TASK INPUTS Block Start
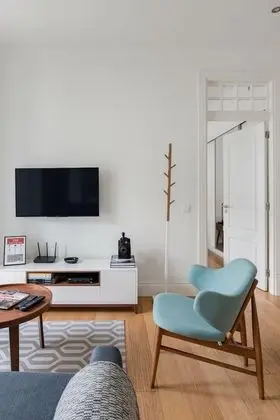 Presidential Apart Daire, 1 Yatak Odası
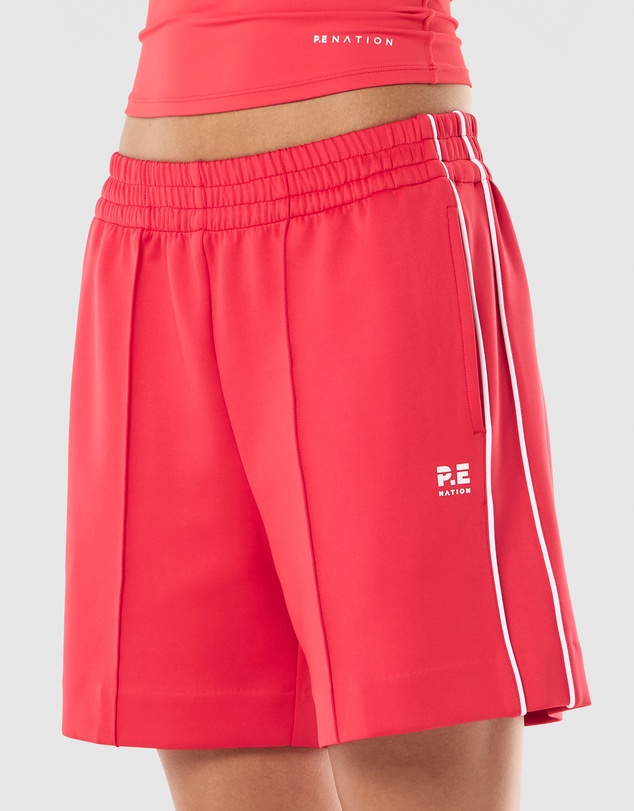 P.E Nation - Man Down Track Shorts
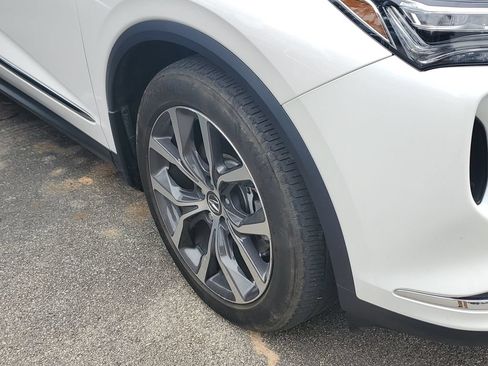 Used 2024 Acura MDX SH-AWD w/ Technology Package image 5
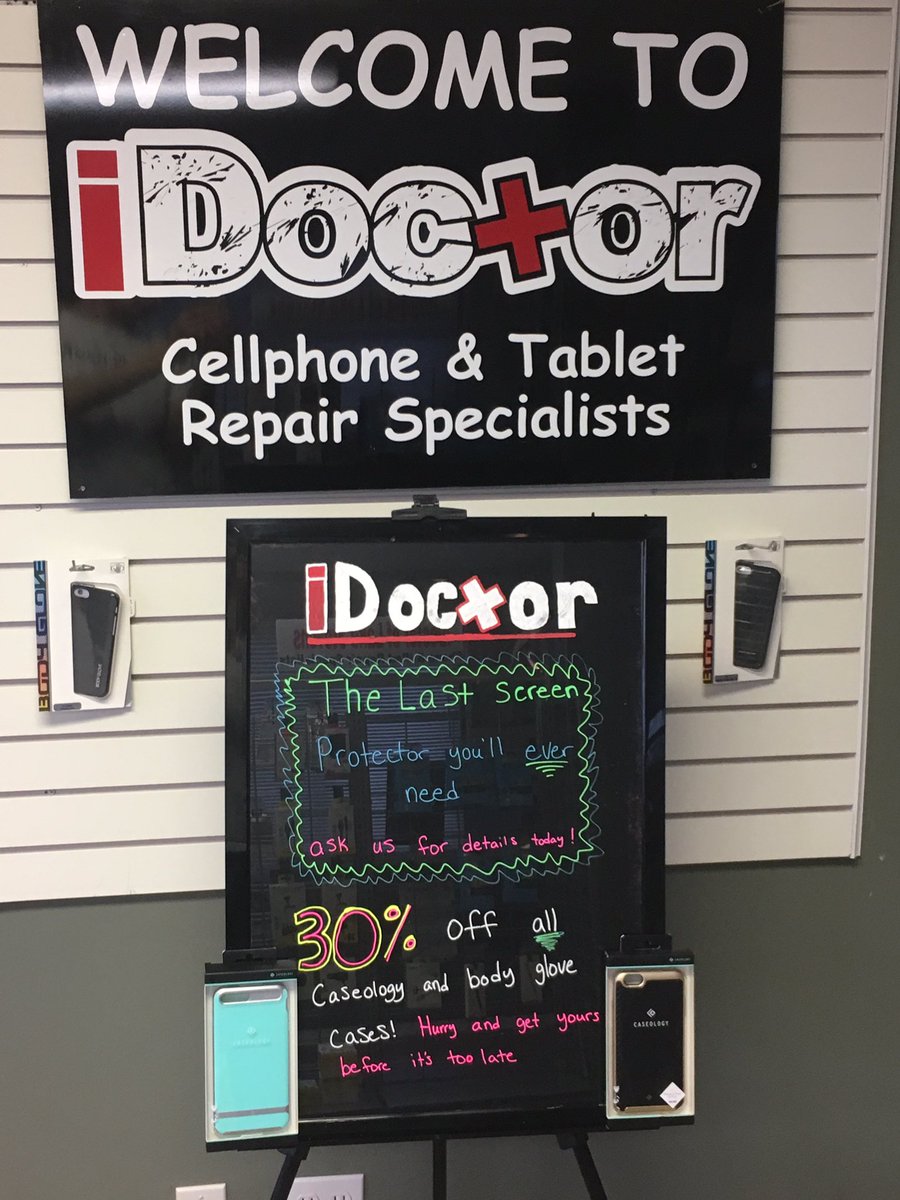 iDocCellRepair's tweet image. It&apos;s #springcleaning time and that means we are trying to get rid of some of our cases! Come on in and see all of the deals we have!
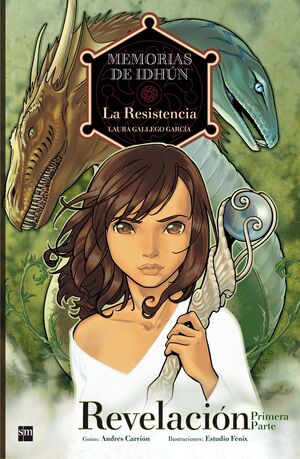 MEMORIAS DE IDHÚN, LA RESISTENCIA 1, REVELACIÓN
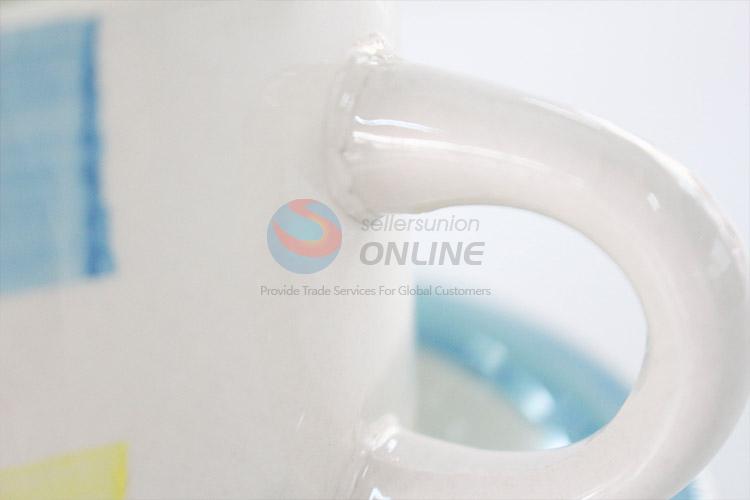 Modern Design Ceramic Cup Set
TASK INPUTS Block End
Only the lines from the one containing "Used 2024 Acura" through the end of the data above are to be output, exactly and without pictures.

# [RESPONSE BELOW]
 Used 2024 Acura MDX SH-AWD w/ Technology Package image 5
 iDocCellRepair's tweet image. It&apos;s #springcleaning time and that means we are trying to get rid of some of our cases! Come on in and see all of the deals we have!
 MEMORIAS DE IDHÚN, LA RESISTENCIA 1, REVELACIÓN
 Modern Design Ceramic Cup Set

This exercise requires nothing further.